The Rhode Island Superior Court recently reversed a South Kingstown Zoning Board decision after the Board erroneously found that a licensed medical marijuana grow operation constituted "agricultural products manufacturing" and was not allowed in the Town's commercial zoning district. Carlson v. Zoning Bd. of Review of S. Kingstown, No. WC-2014-0557, 2016 R.I. Super. LEXIS 134 (R.I. Super. Ct. Nov. 25, 2016). In his decision, Rhode Island Superior Court Judge Bennett Gallo noted that the Zoning Board's decision ignored the plain meaning of the Town's zoning ordinance and constituted "an exercise in tortured reasoning."
According to the facts of the case, the Appellant, Jordan Carlson, maintained a medical marijuana grow operation, licensed under the Edward O. Hawkins and Thomas C. Slater Medical Marijuana Act, R.I. Gen. Laws § 21-28.6-1, et seq., in a former movie theater located in the Commercial Downtown (CD) zoning district in South Kingstown, Rhode Island. In March 2014, the Town Building and Zoning Official, Jeffrey O'Hara, learned of Carlson's operation after the South Kingstown Police and Fire Departments responded to a fire alarm at the property. As a result, O'Hara sent Carlson a Notice of Violation which provided that the use of the property constituted "Agricultural Products Manufacturing" in violation of Section 301 and Use Code 74.1 of the South Kingstown Code of Zoning Ordinances. Carlson appealed the violation to the South Kingstown Zoning Board of Review, claiming inter alia that the cultivation of marijuana did not constitute Agricultural Products Manufacturing-which the Town Ordinances failed to define-but instead qualified as agricultural activity which are permitted in all zones pursuant to State law.
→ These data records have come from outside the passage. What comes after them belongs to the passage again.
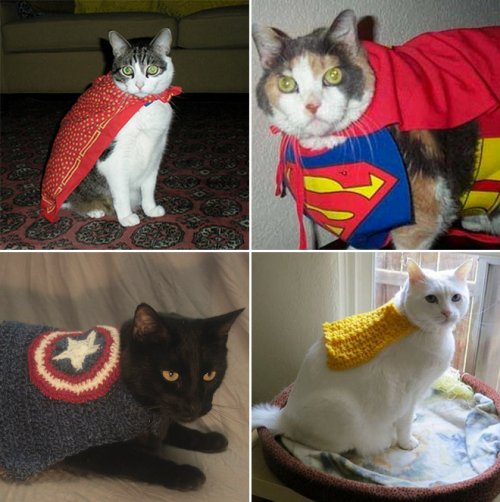 Супергеройские кошки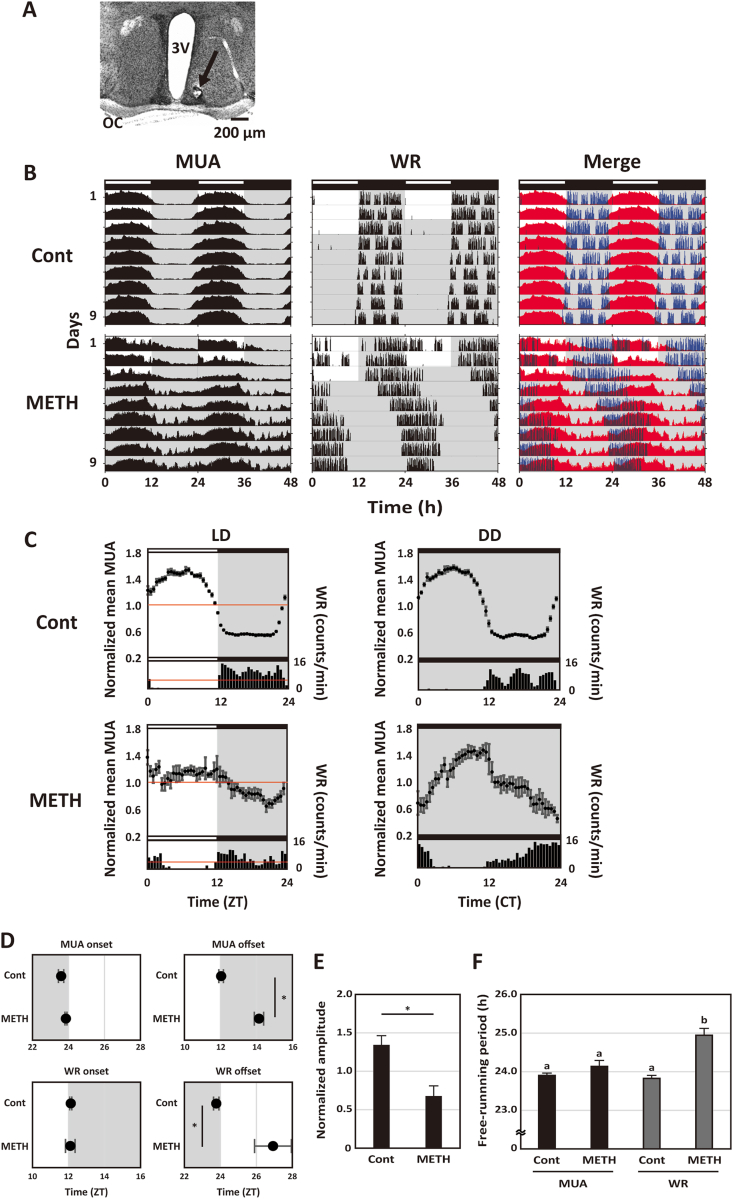 Chronic methamphetamine uncovers a circadian rhythm in multiple-unit neural activity in the dorsal striatum which is independent of the suprachiasmatic nucleus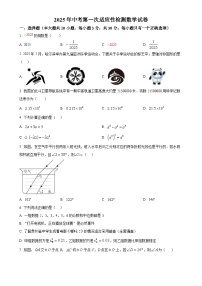 2025年甘肃省酒泉市九年级中考一模数学试卷（原卷版）-A4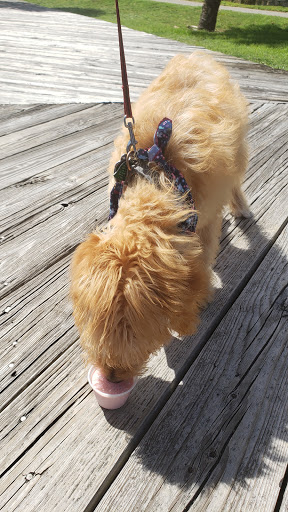 Pet Supply Store «3 Dogs and a Chick», reviews and photos, 130 Miracle Strip Pkwy SE, Fort Walton Beach, FL 32548, USA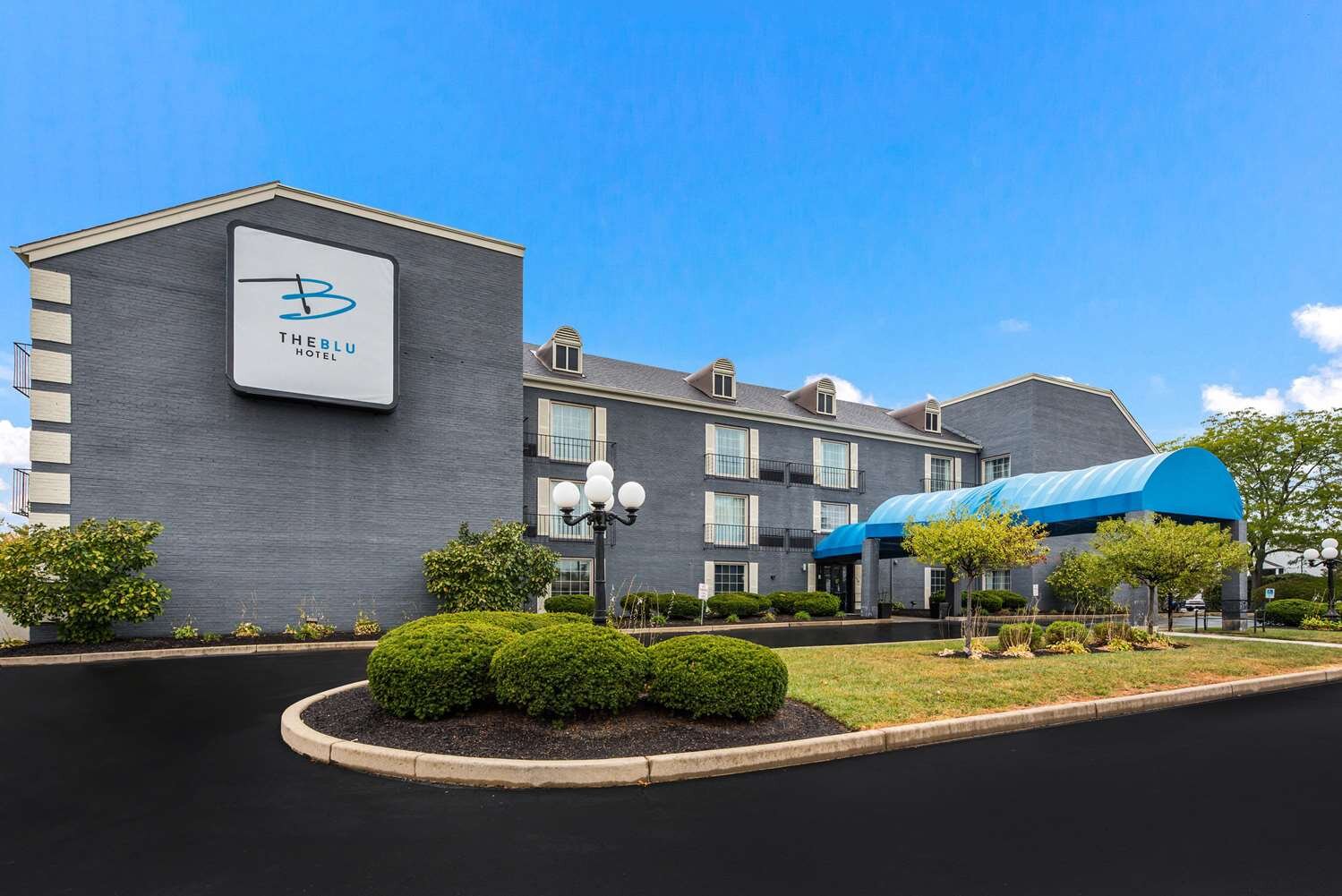 Blue hotel discount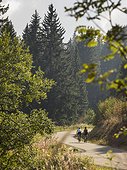 Two men riding racing bicycle on cycling tour in Black Forest, Baden-Württemberg, Germany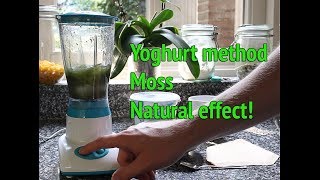 Dry Start Method Aquarium  How to grow aquarium moss [upl. by Andaira]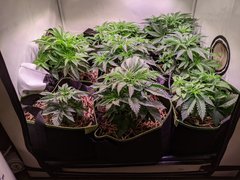 PXL_20201111_081746028.jpg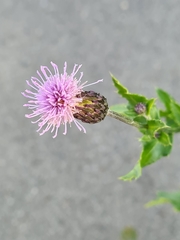 Cirsium arvense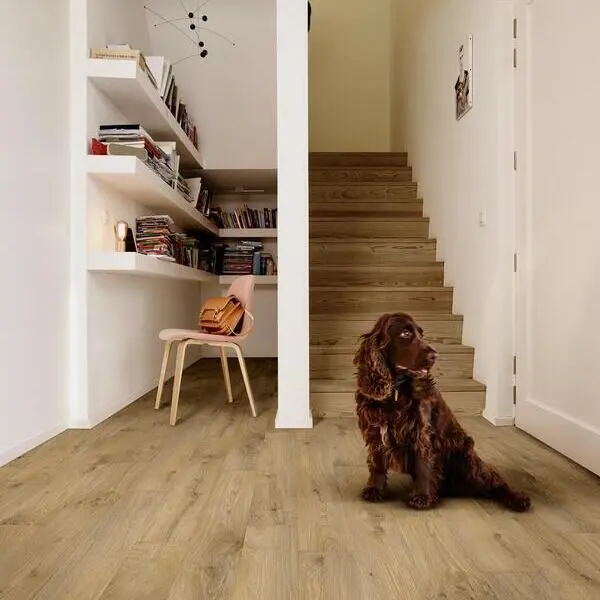 vero 363m_cv_beauflor_rsh_01.webp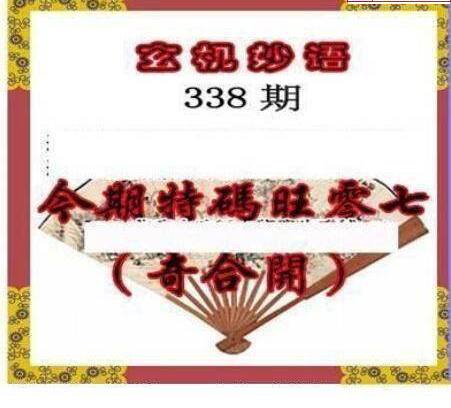 24338期: 三毛3D精品图谜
In September 2014, after a public hearing on the appeal, the Zoning Board issued a written decision denying Carlson's appeal. The Zoning Board's decision relied heavily on statements made by O'Hara, who testified he never actually entered the building and issued the violation based solely on the police reports and the assumption that yielding usable marijuana from cultivated marijuana plants involved a procedure complex enough to constitute manufacturing. Accordingly, the Zoning Board found that the marijuana cultivation constituted Agricultural Products Manufacturing. Carlson subsequently appealed to the Rhode Island Superior Court.